About this exercise -
The lines to extract run from the first line of the entries through the line that contains "A modern kitchen"; reproduce exactly those lines and no others.

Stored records
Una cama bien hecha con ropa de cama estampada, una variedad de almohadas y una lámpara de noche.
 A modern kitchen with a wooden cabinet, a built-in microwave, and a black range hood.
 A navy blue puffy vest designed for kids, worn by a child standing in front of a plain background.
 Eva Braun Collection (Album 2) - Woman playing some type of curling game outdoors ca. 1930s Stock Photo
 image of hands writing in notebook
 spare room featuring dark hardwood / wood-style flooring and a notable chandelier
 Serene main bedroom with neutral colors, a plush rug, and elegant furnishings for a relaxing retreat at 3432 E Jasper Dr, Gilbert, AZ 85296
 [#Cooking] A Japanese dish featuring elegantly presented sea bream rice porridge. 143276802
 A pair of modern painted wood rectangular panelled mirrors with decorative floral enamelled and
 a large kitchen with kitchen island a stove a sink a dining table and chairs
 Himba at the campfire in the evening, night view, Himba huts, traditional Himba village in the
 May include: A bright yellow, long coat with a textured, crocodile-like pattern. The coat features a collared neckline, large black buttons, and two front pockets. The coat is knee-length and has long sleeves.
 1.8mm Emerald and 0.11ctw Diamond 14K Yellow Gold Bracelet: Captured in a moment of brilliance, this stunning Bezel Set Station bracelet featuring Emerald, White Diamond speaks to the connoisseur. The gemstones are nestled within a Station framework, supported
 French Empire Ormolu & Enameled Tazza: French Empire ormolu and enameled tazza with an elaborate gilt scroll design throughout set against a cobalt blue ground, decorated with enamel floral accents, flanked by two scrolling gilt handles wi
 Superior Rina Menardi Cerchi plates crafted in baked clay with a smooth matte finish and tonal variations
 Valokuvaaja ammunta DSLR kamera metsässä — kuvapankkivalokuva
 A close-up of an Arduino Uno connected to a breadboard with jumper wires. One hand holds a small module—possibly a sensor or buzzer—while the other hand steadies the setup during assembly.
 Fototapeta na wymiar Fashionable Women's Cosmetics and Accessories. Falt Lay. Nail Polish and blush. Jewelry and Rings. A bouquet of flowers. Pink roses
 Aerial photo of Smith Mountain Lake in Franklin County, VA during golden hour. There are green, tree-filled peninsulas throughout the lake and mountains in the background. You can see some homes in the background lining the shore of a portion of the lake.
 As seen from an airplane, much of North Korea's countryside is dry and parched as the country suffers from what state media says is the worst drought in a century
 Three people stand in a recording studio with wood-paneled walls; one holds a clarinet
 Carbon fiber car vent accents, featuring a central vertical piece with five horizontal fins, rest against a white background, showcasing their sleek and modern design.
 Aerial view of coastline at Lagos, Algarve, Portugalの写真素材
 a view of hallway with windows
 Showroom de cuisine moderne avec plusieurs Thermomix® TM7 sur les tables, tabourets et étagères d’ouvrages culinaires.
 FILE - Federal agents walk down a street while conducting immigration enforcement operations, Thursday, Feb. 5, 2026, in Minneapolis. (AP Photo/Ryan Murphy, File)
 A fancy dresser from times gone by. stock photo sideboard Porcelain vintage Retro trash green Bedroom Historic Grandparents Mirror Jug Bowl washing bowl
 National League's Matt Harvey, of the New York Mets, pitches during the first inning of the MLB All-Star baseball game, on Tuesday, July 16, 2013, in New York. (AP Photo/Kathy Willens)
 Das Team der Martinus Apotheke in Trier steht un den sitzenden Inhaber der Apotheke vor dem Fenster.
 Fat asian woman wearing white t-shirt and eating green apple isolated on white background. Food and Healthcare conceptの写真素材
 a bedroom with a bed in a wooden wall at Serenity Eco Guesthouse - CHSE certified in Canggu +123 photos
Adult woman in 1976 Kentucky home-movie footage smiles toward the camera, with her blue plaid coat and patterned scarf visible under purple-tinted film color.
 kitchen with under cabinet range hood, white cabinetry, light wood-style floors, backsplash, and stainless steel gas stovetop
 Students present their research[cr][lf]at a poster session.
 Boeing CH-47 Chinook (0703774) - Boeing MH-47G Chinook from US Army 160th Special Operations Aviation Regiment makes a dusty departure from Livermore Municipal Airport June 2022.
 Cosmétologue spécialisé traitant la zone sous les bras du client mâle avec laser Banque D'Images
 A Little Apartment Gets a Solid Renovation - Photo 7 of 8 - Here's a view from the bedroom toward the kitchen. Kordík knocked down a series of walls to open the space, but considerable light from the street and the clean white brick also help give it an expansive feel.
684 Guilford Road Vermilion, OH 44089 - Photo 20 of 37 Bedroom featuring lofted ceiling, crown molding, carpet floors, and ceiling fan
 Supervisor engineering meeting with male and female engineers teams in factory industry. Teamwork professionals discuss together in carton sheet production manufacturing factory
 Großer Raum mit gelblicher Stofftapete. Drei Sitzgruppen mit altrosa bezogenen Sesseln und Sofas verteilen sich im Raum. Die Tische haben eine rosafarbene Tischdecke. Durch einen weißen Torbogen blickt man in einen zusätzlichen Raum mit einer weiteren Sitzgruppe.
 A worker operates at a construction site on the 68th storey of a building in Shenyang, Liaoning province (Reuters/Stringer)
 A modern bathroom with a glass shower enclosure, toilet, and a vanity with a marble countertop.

Answer box -
Una cama bien hecha con ropa de cama estampada, una variedad de almohadas y una lámpara de noche.
 A modern kitchen with a wooden cabinet, a built-in microwave, and a black range hood.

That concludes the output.